In certain places, though, faint battle lines are drawn. One day I come across the Europe Café, an information centre designed to support the European Union's influence. First impressions aren't promising. The lights are off on the ground floor, and there's no activity aside from an unattended monitor projecting a YouTube playlist through speakers. I walk in, naturally, to 'Last Christmas'. I head upstairs and am met by a member of the café team called Valerie. She gives me a tour of the small space, explaining that it's a quiet spell at the moment and that in coming weeks the venue will be host to speakers and events. She takes me through the obstacles to Moldova's EU accession, referring among other things to the stubborn 'red' regions in the rural north and south of the country. In these areas pro-Russian Communist and Socialist parties still perform well at election, which Valerie likens to a person unable to get over their ex. There are enough issues at play here that I don't even get onto the Transnistrian elephant in the room. But Valerie seems unperturbed, and claims she is ultimately optimistic that by the end of the decade Moldova will accede. This quiet enthusiasm doesn't quite amount to the image of Moldovans manning the barricades that I expected, but it's a welcome change from the prevailing atmosphere. 


My taxi ride back to the airport stubs out this optimism. My driver lambasts the standard of living in Moldova, and although he wants to see EU membership, he believes that Russia would sooner invade the country than let that happen. He vents his anger at the country's widespread corruption by cursing the polished SUVs on the road ahead of us. As we move out of the city, I catch sight of the Romanița tower, a former Soviet collective housing building that I sought out a few days prior. It's named after a kind of daisy in Romanian, a reference to the petal-like appearance of its unconventional facade. The building, though still inhabited, was not in good shape, with the shopfronts that once occupied the ground level long since boarded up. Were I to bring up the tower to the driver, he'd no doubt work it into his fatalistic commentary. 

The Romanița tower

He instead directs my attention to a building site. He tells me with a disdainful tone that a 'moldavskoe selo' is under construction. The Russian literally means 'Moldovan rural village', though that's not quite what I'm looking at. I ask if he's referring to an agricultural site, and he confirms. I suggest that surely this is a good thing, to which he gives shrugging assent. With the vexed delivery of 'moldavskoe' he somehow connects the farm site with his broader national lament. Perhaps he means to say that new industry offers little solace against the fate that he has already accepted for his country. Or perhaps he means something else entirely–I've learned over the past few days that it can be hard to locate a black-and-white narrative in this city even without trying to second-guess someone's delivery. Whatever grief this parting comment expresses, it does so with characteristic Chișinău quiet. 

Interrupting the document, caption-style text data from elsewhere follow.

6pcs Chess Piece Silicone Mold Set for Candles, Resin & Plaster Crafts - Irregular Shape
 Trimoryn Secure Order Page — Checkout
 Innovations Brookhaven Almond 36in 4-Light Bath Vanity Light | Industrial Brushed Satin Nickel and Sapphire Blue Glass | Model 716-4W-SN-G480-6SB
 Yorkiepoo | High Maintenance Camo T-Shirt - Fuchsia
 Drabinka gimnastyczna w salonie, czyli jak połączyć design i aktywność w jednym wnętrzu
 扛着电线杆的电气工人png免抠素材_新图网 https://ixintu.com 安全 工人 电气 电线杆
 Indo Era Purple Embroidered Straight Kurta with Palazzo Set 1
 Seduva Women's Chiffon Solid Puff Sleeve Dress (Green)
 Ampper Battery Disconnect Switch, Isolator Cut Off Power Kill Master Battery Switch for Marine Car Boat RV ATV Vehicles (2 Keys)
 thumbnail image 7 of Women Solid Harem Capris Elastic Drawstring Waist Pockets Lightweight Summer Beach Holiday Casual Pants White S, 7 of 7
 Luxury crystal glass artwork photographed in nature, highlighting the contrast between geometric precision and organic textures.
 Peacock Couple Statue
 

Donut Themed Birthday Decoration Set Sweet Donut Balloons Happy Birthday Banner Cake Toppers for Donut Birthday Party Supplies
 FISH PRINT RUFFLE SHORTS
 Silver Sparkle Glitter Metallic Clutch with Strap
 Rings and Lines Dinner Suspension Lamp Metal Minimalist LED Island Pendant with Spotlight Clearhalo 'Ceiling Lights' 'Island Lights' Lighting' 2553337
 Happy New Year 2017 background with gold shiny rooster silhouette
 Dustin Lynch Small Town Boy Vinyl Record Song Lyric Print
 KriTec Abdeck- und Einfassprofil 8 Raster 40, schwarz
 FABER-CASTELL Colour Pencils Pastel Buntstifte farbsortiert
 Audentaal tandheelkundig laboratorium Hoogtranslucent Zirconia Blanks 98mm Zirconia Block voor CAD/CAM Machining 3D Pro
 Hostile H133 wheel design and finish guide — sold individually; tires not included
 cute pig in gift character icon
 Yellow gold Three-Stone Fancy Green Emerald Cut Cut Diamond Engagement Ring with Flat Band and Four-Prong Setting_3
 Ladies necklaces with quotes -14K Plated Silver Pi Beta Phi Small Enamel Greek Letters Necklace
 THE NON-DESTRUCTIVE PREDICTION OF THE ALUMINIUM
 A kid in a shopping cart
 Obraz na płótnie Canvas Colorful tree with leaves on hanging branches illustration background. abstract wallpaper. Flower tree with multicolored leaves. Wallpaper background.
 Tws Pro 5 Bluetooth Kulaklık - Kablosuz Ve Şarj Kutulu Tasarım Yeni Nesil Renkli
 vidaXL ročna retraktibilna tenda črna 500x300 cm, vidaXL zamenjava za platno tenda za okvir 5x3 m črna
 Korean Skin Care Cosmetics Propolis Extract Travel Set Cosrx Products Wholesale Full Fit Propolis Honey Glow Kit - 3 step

I may have simply caught the city in a lull. Both pro and anti-government protests occurred sporadically in the months before my visit. But as it stands, the apathy (and pockets of enthusiasm) that colour my stay will have to make way for something stronger. Whether it arrives first in the guise of the European Commission or the Kremlin, change is on its way, and this small country will have to struggle for its fate.